The People urged the dismissal of the motion to vacate on the grounds that (1) appellant's motion showed on its face that it had not been filed within the time limited by section 72 of the Civil Practice Act; (2) that the matters presented by the motion were res judicata, as appellant had raised the identical issues in the criminal court under Post-Conviction Act proceedings on which he was given a full hearing on November 6, 1953; and (3) that the motion did not state a cause of action in that it showed on its face that appellant was adjudicated sane on November 20, 1952, prior to his trial, and therefore was then capable of asserting the defense of his insanity at the time of the commission of the crime, and that his failure to do so was due to his own negligence, no facts being alleged to show that he was in any way prevented from making that defense. Though the People have presented and argued the matter of the timeliness of the motion in their brief, this question was voluntarily abandoned in oral argument before the court and need not be considered. The question of res judicata apparently was not considered by the court below, formed no basis for its decision, and was not mentioned in the briefs or arguments for either party. The record is without reference to the hearing under the Post-Conviction Act, except that the People's motion contained the bare allegation that such a hearing was held. Therefore that issue is not presented here.
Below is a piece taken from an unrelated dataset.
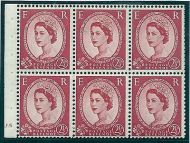 SB81 Wilding booklet pane Edward Crown perf type I cyl J5 No Dot UNMOUNTED MNT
Attention will be given only to the third contention of the People.

The purpose of a petition or motion under section 72 of the Civil Practice Act is to bring before the court rendering the judgment matters of fact not appearing in the record, which, if known to the court at the time the judgment was entered, would have prevented its rendition. People v. Quidd, 409 Ill. 137, 98 N.E.2d 752. The error of fact which the writ may be employed to correct includes such matters as the death of one of the parties pending the suit and before judgment; infancy where the party was not properly represented by a guardian; coverture, where the common law disability still exists; insanity at the time of the trial; and a valid defense which existed in the facts of the case but which, without negligence on the part of the defendant, was not made, having been prevented through duress, fraud or by excusable mistake. People v. Quidd, 409 Ill. 137, at page 140, 98 N.E.2d 752; Schroers v. People, 399 Ill. 428, at pages 434 and 435, 78 N.E.2d 219. Though section 72 of the Civil Practice Act was amended in 1955, it is not suggested that the scope or purpose of its provisions was altered so far as a petition or motion in the nature of a writ of error coram nobis is concerned. Proceedings under the present section are governed by the rules and principles heretofore announced by this court subject to statutory provisions to the contrary. The petition or motion under the statute is the filing of a new action, civil in nature, and it is necessary, as in any civil case, that the petitioner allege and prove a right to the relief sought. People v. Samman, 408 Ill. 549, 97 N.E.2d 778. Where the motion fails to state a cause of action or shows on its face that the petitioner is not entitled to the relief sought, it is subject to a motion to dismiss. Thompson v. People, 398 Ill. 366, 75 N.E.2d 767. A motion to dismiss a motion in the nature of a writ of error coram nobis admits the facts well pleaded just as in any civil case. Schroers v. People, 399 Ill. 428, 78 N.E.2d 219.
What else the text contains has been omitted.